• **Dataset excerpts**
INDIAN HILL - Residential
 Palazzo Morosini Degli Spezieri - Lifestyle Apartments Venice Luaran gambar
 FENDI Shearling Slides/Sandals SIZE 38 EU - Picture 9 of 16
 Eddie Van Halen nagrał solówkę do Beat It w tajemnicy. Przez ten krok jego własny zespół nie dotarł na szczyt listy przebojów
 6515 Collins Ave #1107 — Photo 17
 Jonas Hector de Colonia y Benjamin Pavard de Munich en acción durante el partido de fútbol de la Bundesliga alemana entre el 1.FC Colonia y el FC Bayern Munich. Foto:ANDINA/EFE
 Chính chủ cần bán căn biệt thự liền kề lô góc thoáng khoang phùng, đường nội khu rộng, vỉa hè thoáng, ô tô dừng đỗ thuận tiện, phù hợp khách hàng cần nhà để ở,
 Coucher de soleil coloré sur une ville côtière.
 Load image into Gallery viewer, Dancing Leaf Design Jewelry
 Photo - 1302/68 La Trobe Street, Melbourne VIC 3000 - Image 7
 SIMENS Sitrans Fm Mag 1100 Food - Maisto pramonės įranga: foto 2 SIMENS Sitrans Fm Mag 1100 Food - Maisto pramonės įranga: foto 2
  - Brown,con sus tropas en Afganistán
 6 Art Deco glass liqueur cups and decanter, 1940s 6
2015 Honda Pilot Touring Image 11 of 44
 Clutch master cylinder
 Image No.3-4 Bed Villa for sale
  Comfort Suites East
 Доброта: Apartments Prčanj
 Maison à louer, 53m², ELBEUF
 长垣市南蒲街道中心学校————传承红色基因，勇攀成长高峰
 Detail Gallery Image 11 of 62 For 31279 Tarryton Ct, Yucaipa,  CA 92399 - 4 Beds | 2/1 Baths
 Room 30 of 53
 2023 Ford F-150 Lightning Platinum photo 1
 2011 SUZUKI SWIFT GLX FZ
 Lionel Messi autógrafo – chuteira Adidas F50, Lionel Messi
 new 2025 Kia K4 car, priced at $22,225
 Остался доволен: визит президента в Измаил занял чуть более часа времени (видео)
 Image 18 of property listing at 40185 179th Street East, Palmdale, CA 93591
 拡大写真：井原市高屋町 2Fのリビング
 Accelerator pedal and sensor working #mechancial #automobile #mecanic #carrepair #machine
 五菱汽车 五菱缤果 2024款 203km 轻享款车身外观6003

• **EXERCISE BRIEF**
Reproduce every line from the preceding data in which the word "Gallery" can be found.

• **YOUR SOLUTION**
 Load image into Gallery viewer, Dancing Leaf Design Jewelry
 Detail Gallery Image 11 of 62 For 31279 Tarryton Ct, Yucaipa,  CA 92399 - 4 Beds | 2/1 Baths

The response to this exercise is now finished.